If there’s anything that really deserves to be cast into the waters, it’s the coronavirus pandemic. One more variant, one more booster, more isolation, and more home tests. This was the year the world thoroughly tired of the coronavirus and developed a certain indifference to it, despite occasionally recurring waves of infection. But in most of the world — aside from China, where zero transmission policy is still in force — life has more or less gotten back on track.

This doesn’t mean there are no new cases, even serious ones, but the trend is a return to normal life. Let’s hope that in the next year, the pandemic will truly fade away and leave us in peace.

Endless Negotiations with Iran

The negotiations with Iran have been dragging on more or less since Biden entered office. Every time it seemed the two sides were on the verge of an agreement, the Iranians made some new demand, and the prospect of a deal receded. Just two weeks ago, it seemed that a signing was a matter not of days, but of hours. A lot of water has flowed over the dam since then, and a deal is no longer in the offing.

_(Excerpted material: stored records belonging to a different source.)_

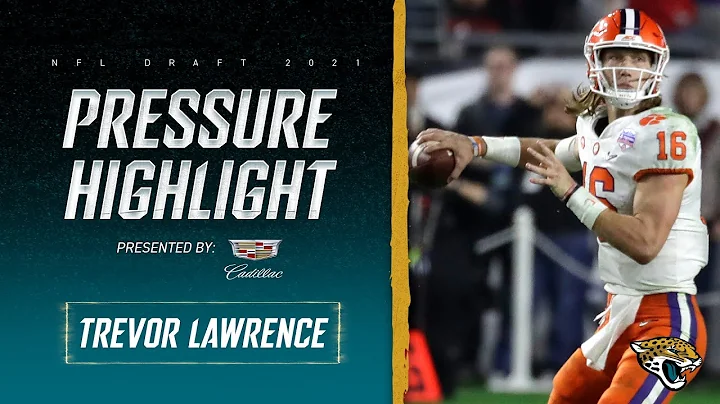 Trevor Lawrence Top Plays Under Pressure | 2021 NF...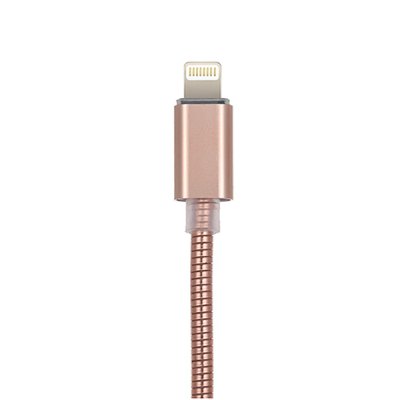 Imagen 5 de Cable Conector Apple Lightning Encobrizado T64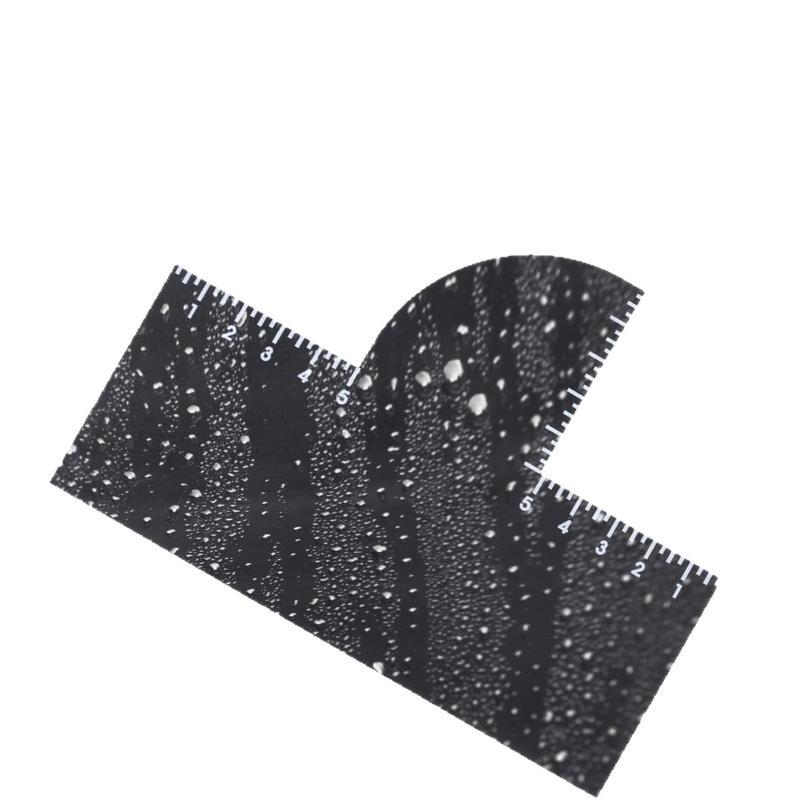 Men'S Grooming Guide - Kartu Panduan Pembentukan Garis Rambut dan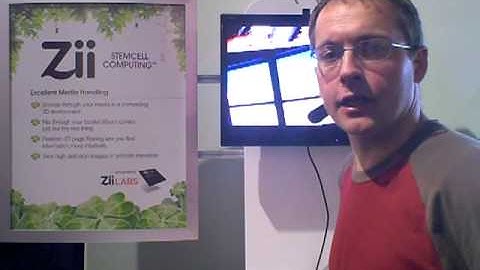 Excellent Media Handling - Zii StemCell Computing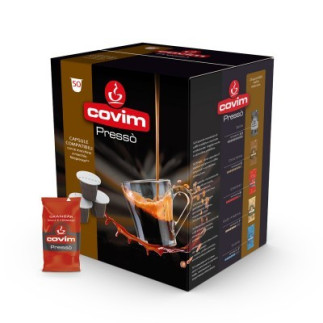 Covim Caffè in Capsule Pressò compatibili Nespresso, Gran bar 200 pz | Vendita Online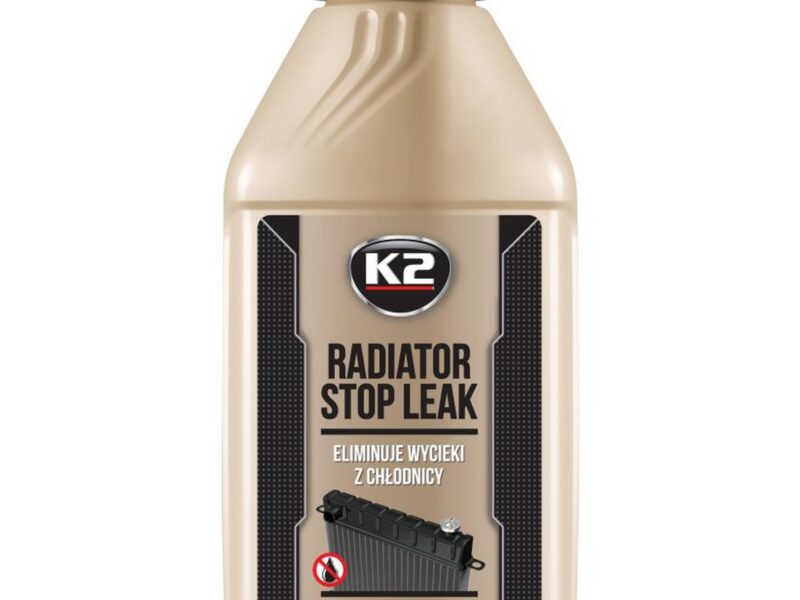 K2 RADIATOR STOP LEAK USZCZELNIACZ DO CHŁODNIC 400ml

But even without a deal, the Iranians are not staying idle, and continue advancing their nuclear project. Even as Iranian representatives sit down at the negotiating table, the centrifuges continue spinning. This is not the behavior of someone negotiating in good faith. It’s time to cut this never-ending dialogue short and set Iran a deadline, after which the United States announces that it sees no point in resuscitating the deal.

Baby Formula Shortage

Remember the empty store shelves? That’s certainly a sight we’d love to forget. In the middle of the year, after one of America’s biggest producers of baby formula was shut down over salmonella concerns, a severe shortage ensued — so acute that the Biden administration actually flew in 20 planes of formula from Europe. While the situation has now stabilized, there’s no question that for parents of babies, there was extra cause for worry this year. According to some reports, many parents struggled to feed their babies and had to turn to alternatives such as homemade formula. A painful reminder that supply chains have yet to return to the pre-pandemic situation.